Ojalá tuviéramos la garantía de que esto ha acabado. Lo vivido nos invita a ser escépticos. Por la comodidad de los discursos, por la inercia, seguramente también, en más de un caso, por la miseria de la condición humana, llevamos demasiado tiempo estirando el fango, arrojándonos mutuamente el sufrimiento a los ojos. Ya que estamos en el momento de las verdades a calzón quitado, mencionemos los réditos de diverso tipo que algunos le han sacado al dolor. Tan duro como suena, pero igualmente real y sencillo de documentar.

Nada es obligatorio, pero tal vez, en aras de una cierta simetría, sería recomendable un reconocimiento de errores en la otra parte. No hablo de flagelos, sino de esas dos o tres cosas que pudieron estar de más. El resto es cuestión de voluntad, de sentido común y de ponerse a la tarea huyendo tanto del revanchismo como de la tentación de relativizar, de olvidar, o peor aun, de encontrar justificación al incontable daño causado.

(Otra) carta a Rajoy

Poco estimado señor Rajoy, dos puntos. Ni me molesto en desearle que al recibo de la presente se encuentre bien de salud, porque es de sobra conocido que un individuo de su indolencia, o sea, de su cachaza, es inmune a todo. O bueno, a casi todo, que ya imagino que sufrió lo suyo con el ridículo de su selección en el reciente Mundial o con el abandono del Tour del chico ese que buscaba chivos expiatorios en los chuletones de Irun.

Al grano. El motivo de estas líneas es traducirle la carta que le envió hace unos días —debe de ser como la quincuagésimo octava o así— el lehendakari. Ya, ya; me consta que se la escribió en perfecto castellano, pero también conozco lo suficiente a Iñigo Urkullu como para intuir que su tacto y su educación exquisita le hicieron medir o, incluso, edulcorar sus palabras, con lo cual usted habrá entendido lo que le haya salido de los fandangos, que diría Maruja Torres. Pues anote.

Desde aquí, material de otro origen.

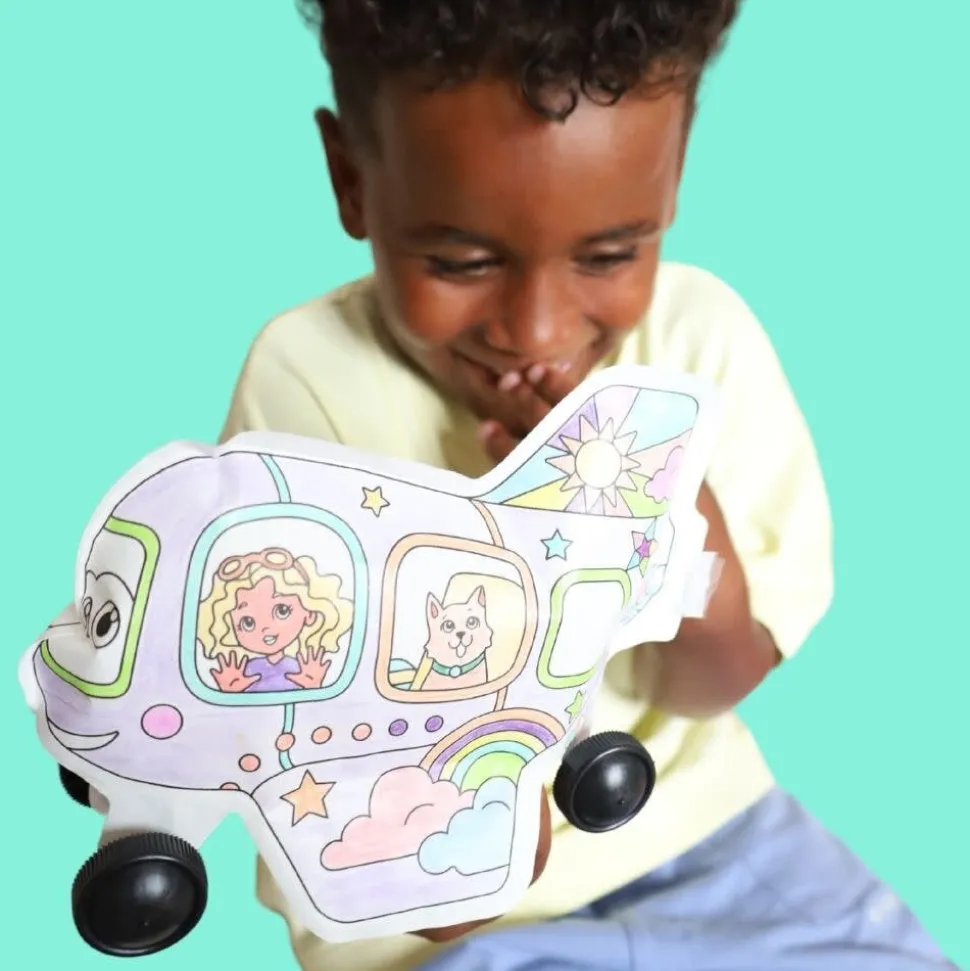 Ara Creative | Opblaasbare kleurplaten Helicopter & Vliegtuig met wielen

Lo que (creo que) quería decirle el primer representante de los ciudadanos de la llamada Comunidad Autónoma del País Vasco es que por aquí llevamos un tiempo hasta las mismísimas de los sucesivos sobeteos inguinales a que nos someten. Eso va por usía, por sus ministros y un rato largo por su comisionado en los tres territorios, que se pasa la vida ingeniando formas de jorobar(nos) la marrana. Y que ya va estando bien, que a buenos y pactistas no hay quien nos gane, que hemos dado muestra de unas tragaderas por las que cabe el Amazonas, pero que hasta una paciencia talla doble Job como la nuestra tiene un límite que ya ha sido superado. ¿Piensa seguir tensando la cuerda? Vaya, me lo temía.